Rite Aid Profit Falls, Hurt By Special Charges
Rite Aid, the third-largest U.S. drugstore chain, posted a lower quarterly profit on Thursday, weighed down by special charges.
Profit was $15.1 million, or 1 cent a share, in the fiscal fourth quarter ended March 3, compared with $1.25 billion, or $1.83 a share, a year earlier, when the company got a boost from a large income tax benefit.
In the latest quarter, Rite Aid was hit by an $18.7 million charge for the early redemption of debt and a $16.2 million inventory charge.
Analysts, on average, expected Rite Aid to earn 3 cents a share, according to Reuters Estimates.
Separately, the company said it expected to complete its acquisition of the Brooks and Eckerd drugstore chains from Canada's Jean Coutu Group
Rite Aid, the third-largest U.S. drugstore chain, also said it had reached an agreement with FTC staff to divest 24 stores.
That pact is subject to the FTC commissioners' approval, which Rite Aid said it expected to obtain.
The attorneys general of several states are also reviewing the deal, and that process is going smoothly, the retailer said.
Rite Aid got shareholder approval in January for its plan to buy the U.S. Eckerd and Brooks stores.
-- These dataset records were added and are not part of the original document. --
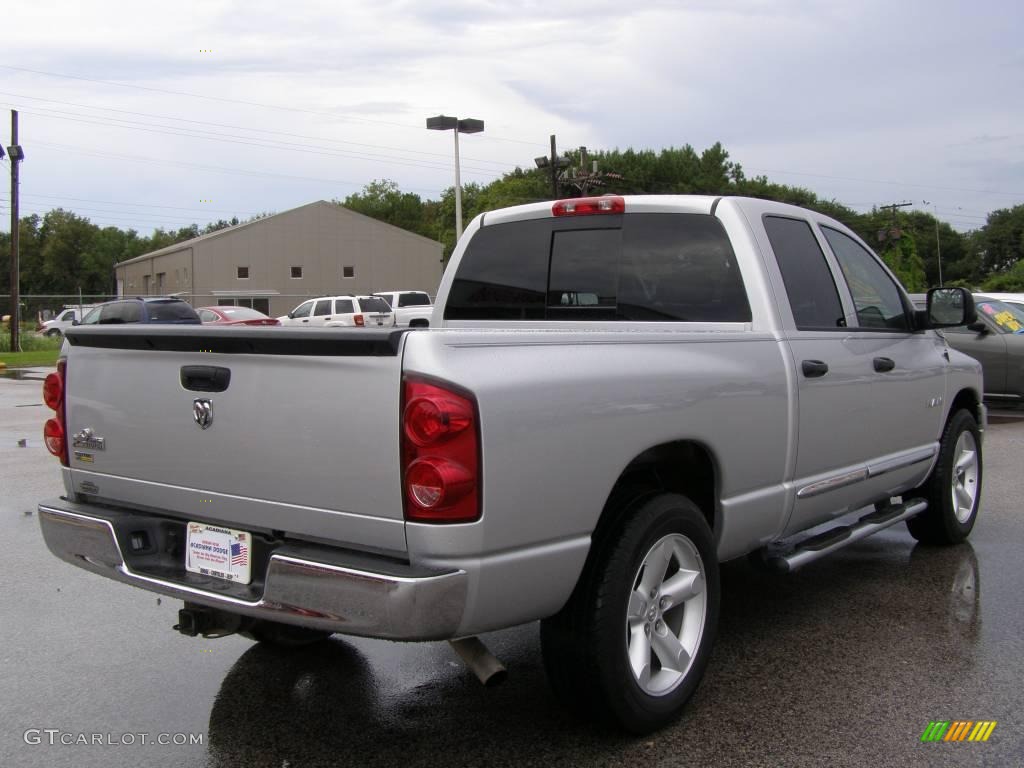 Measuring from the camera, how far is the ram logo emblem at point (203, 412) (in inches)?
128

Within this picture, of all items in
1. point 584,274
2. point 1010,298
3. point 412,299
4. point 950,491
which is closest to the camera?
point 584,274

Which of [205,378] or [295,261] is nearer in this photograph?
[205,378]

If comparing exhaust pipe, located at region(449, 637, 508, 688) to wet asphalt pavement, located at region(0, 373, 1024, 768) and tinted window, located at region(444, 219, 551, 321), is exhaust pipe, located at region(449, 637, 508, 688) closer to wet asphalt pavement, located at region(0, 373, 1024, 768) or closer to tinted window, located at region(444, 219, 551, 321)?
wet asphalt pavement, located at region(0, 373, 1024, 768)

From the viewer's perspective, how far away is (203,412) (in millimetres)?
3271

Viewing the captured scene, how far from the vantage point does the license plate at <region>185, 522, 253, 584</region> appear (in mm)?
3184

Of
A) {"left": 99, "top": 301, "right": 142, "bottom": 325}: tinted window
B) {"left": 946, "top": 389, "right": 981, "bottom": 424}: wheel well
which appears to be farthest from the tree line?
{"left": 946, "top": 389, "right": 981, "bottom": 424}: wheel well

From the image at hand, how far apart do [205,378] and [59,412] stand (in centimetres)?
95

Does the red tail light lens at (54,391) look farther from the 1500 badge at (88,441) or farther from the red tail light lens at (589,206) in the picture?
the red tail light lens at (589,206)

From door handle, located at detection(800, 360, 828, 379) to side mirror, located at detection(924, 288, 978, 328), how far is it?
1437mm

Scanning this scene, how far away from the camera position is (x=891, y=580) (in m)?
5.54

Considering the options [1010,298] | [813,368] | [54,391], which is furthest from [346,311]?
[813,368]

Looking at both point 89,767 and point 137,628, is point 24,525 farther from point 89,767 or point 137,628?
point 89,767

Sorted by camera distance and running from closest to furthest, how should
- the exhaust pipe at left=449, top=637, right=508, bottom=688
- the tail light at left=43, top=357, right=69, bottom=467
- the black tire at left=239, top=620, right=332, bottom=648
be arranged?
the exhaust pipe at left=449, top=637, right=508, bottom=688, the tail light at left=43, top=357, right=69, bottom=467, the black tire at left=239, top=620, right=332, bottom=648

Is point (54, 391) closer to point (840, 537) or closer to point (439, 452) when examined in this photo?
point (439, 452) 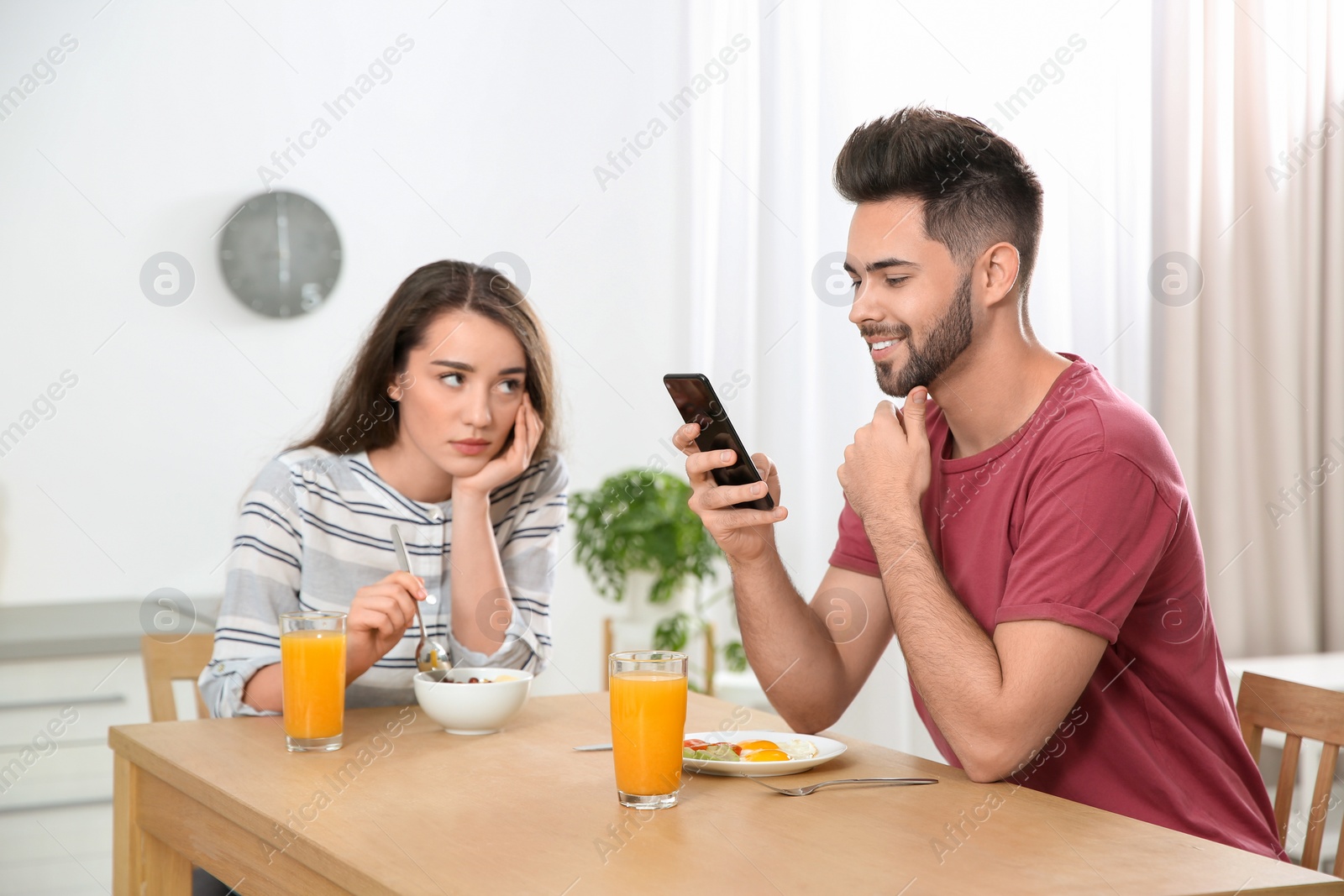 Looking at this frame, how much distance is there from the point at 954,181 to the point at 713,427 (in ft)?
1.48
It previously said the deal should close shortly after the end of its fourth quarter, which ended on March 3.
The deal includes about 1,850 U.S. Brooks and Eckerd stores and six distribution centers located mainly on the East Coast and in the Mid-Atlantic states.
In the agreement with FTC staff, Rite Aid plans to divest 24 stores in Connecticut, Maryland, Maine, New Hampshire, New Jersey, New York, Pennsylvania, Virginia and Vermont.
The company, which is based in Camp Hill, Pa., declined to comment on which state attorneys general are reviewing the deal, since that process is still ongoing.